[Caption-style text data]

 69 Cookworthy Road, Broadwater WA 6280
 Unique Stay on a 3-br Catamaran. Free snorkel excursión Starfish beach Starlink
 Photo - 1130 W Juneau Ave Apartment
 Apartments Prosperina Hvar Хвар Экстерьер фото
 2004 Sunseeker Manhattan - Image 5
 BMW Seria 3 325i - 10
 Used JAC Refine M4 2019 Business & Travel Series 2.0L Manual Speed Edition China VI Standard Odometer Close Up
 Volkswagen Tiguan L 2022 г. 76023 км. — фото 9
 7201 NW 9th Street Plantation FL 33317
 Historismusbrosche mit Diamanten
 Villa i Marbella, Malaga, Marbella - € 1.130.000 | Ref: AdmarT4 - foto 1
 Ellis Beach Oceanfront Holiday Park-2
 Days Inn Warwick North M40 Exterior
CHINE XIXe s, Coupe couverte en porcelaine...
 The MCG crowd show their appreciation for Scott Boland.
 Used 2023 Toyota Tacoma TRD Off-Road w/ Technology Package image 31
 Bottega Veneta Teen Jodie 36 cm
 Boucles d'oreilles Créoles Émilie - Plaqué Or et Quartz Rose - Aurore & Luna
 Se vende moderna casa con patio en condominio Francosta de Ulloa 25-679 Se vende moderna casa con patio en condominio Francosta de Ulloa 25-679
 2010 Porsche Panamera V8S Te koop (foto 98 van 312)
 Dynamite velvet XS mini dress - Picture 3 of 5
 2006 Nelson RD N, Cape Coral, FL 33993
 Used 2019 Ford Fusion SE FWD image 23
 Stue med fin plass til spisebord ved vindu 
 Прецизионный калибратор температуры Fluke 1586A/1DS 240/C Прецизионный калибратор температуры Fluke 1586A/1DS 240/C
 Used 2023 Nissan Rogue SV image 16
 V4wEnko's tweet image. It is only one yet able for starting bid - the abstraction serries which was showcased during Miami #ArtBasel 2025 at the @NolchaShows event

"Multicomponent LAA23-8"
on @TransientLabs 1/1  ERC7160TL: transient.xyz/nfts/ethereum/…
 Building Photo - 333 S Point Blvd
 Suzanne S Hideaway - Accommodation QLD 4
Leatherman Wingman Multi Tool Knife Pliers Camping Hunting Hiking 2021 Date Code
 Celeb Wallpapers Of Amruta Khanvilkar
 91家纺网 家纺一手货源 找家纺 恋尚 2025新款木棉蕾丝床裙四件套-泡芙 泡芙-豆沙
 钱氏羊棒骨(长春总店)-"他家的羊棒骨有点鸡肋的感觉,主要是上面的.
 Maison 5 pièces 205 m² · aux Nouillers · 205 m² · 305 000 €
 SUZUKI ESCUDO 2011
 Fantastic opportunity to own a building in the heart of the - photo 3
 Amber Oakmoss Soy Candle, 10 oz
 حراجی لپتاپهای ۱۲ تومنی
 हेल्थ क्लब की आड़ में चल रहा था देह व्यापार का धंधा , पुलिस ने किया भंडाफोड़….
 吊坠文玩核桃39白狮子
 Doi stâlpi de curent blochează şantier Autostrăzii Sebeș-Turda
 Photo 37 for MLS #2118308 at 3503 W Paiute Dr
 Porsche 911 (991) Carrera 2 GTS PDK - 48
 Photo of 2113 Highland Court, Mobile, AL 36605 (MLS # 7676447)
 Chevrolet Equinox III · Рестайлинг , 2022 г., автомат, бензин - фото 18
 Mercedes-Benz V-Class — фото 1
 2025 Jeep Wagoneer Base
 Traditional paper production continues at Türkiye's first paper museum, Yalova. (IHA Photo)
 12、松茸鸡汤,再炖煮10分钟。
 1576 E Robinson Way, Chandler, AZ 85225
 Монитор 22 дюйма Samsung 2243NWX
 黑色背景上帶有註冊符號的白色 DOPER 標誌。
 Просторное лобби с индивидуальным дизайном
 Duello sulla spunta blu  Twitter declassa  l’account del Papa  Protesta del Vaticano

__Directions for this task__.
Write every record out again, letter for letter.

__Output below__.
 69 Cookworthy Road, Broadwater WA 6280
 Unique Stay on a 3-br Catamaran. Free snorkel excursión Starfish beach Starlink
 Photo - 1130 W Juneau Ave Apartment
 Apartments Prosperina Hvar Хвар Экстерьер фото
 2004 Sunseeker Manhattan - Image 5
 BMW Seria 3 325i - 10
 Used JAC Refine M4 2019 Business & Travel Series 2.0L Manual Speed Edition China VI Standard Odometer Close Up
 Volkswagen Tiguan L 2022 г. 76023 км. — фото 9
 7201 NW 9th Street Plantation FL 33317
 Historismusbrosche mit Diamanten
 Villa i Marbella, Malaga, Marbella - € 1.130.000 | Ref: AdmarT4 - foto 1
 Ellis Beach Oceanfront Holiday Park-2
 Days Inn Warwick North M40 Exterior
CHINE XIXe s, Coupe couverte en porcelaine...
 The MCG crowd show their appreciation for Scott Boland.
 Used 2023 Toyota Tacoma TRD Off-Road w/ Technology Package image 31
 Bottega Veneta Teen Jodie 36 cm
 Boucles d'oreilles Créoles Émilie - Plaqué Or et Quartz Rose - Aurore & Luna
 Se vende moderna casa con patio en condominio Francosta de Ulloa 25-679 Se vende moderna casa con patio en condominio Francosta de Ulloa 25-679
 2010 Porsche Panamera V8S Te koop (foto 98 van 312)
 Dynamite velvet XS mini dress - Picture 3 of 5
 2006 Nelson RD N, Cape Coral, FL 33993
 Used 2019 Ford Fusion SE FWD image 23
 Stue med fin plass til spisebord ved vindu 
 Прецизионный калибратор температуры Fluke 1586A/1DS 240/C Прецизионный калибратор температуры Fluke 1586A/1DS 240/C
 Used 2023 Nissan Rogue SV image 16
 V4wEnko's tweet image. It is only one yet able for starting bid - the abstraction serries which was showcased during Miami #ArtBasel 2025 at the @NolchaShows event

"Multicomponent LAA23-8"
on @TransientLabs 1/1  ERC7160TL: transient.xyz/nfts/ethereum/…
 Building Photo - 333 S Point Blvd
 Suzanne S Hideaway - Accommodation QLD 4
Leatherman Wingman Multi Tool Knife Pliers Camping Hunting Hiking 2021 Date Code
 Celeb Wallpapers Of Amruta Khanvilkar
 91家纺网 家纺一手货源 找家纺 恋尚 2025新款木棉蕾丝床裙四件套-泡芙 泡芙-豆沙
 钱氏羊棒骨(长春总店)-"他家的羊棒骨有点鸡肋的感觉,主要是上面的.
 Maison 5 pièces 205 m² · aux Nouillers · 205 m² · 305 000 €
 SUZUKI ESCUDO 2011
 Fantastic opportunity to own a building in the heart of the - photo 3
 Amber Oakmoss Soy Candle, 10 oz
 حراجی لپتاپهای ۱۲ تومنی
 हेल्थ क्लब की आड़ में चल रहा था देह व्यापार का धंधा , पुलिस ने किया भंडाफोड़….
 吊坠文玩核桃39白狮子
 Doi stâlpi de curent blochează şantier Autostrăzii Sebeș-Turda
 Photo 37 for MLS #2118308 at 3503 W Paiute Dr
 Porsche 911 (991) Carrera 2 GTS PDK - 48
 Photo of 2113 Highland Court, Mobile, AL 36605 (MLS # 7676447)
 Chevrolet Equinox III · Рестайлинг , 2022 г., автомат, бензин - фото 18
 Mercedes-Benz V-Class — фото 1
 2025 Jeep Wagoneer Base
 Traditional paper production continues at Türkiye's first paper museum, Yalova. (IHA Photo)
 12、松茸鸡汤,再炖煮10分钟。
 1576 E Robinson Way, Chandler, AZ 85225
 Монитор 22 дюйма Samsung 2243NWX
 黑色背景上帶有註冊符號的白色 DOPER 標誌。
 Просторное лобби с индивидуальным дизайном
 Duello sulla spunta blu  Twitter declassa  l’account del Papa  Protesta del Vaticano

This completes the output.